Go through the following data and transcribe exactly the stretch of lines from the one holding "Hyundai i20 - LIFE DCT NAVI WP RFK PDC" to the one holding "Il y a 10 ans, Bernard", both included.

# Source data:
<<<<

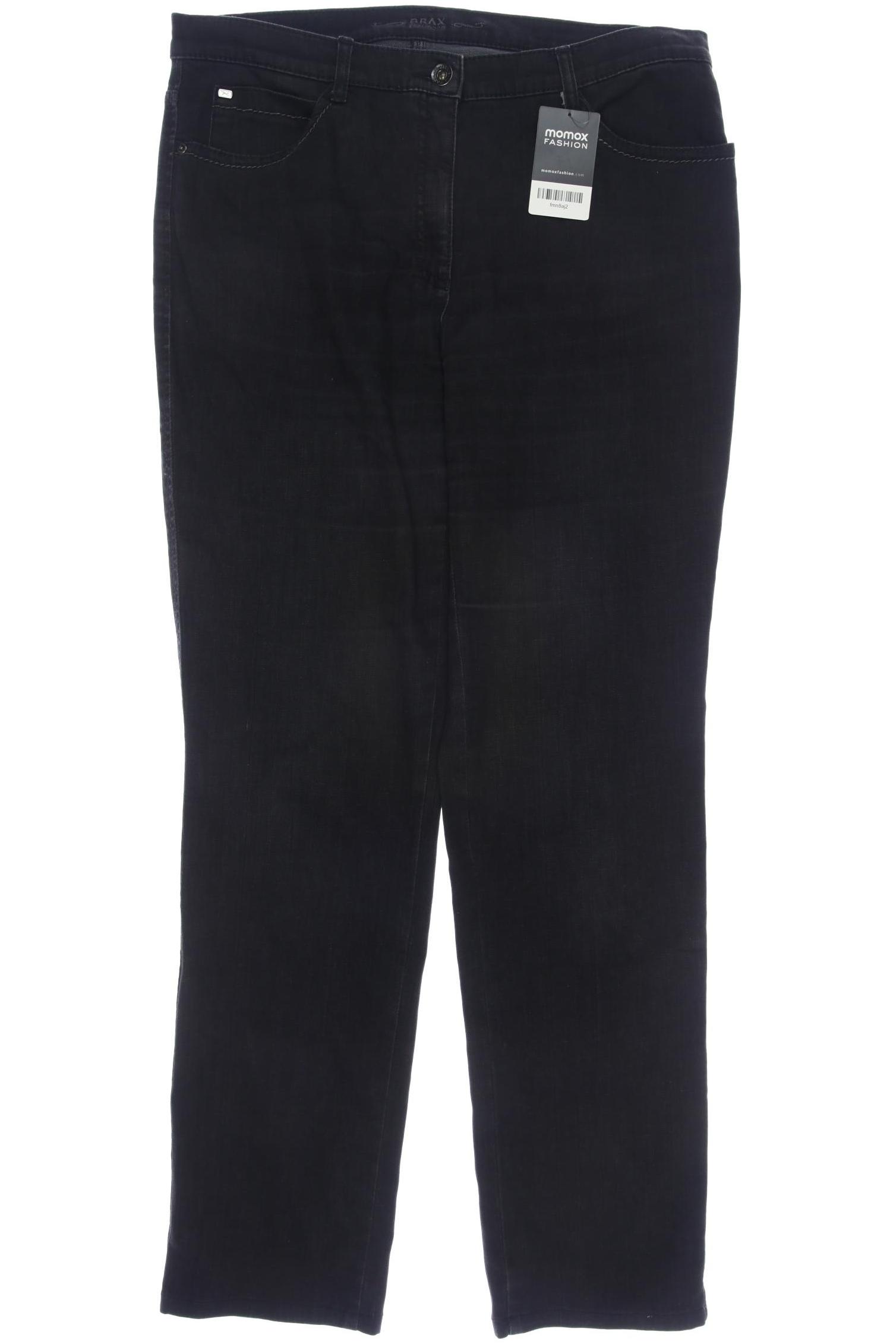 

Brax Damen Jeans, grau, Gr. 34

>>>>
<<<<

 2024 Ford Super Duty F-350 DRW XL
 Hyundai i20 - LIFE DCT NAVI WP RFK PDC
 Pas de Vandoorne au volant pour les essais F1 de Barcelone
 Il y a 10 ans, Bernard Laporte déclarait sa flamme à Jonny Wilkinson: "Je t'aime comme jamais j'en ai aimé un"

>>>>

# Solution to this problem:
 Hyundai i20 - LIFE DCT NAVI WP RFK PDC
 Pas de Vandoorne au volant pour les essais F1 de Barcelone
 Il y a 10 ans, Bernard Laporte déclarait sa flamme à Jonny Wilkinson: "Je t'aime comme jamais j'en ai aimé un"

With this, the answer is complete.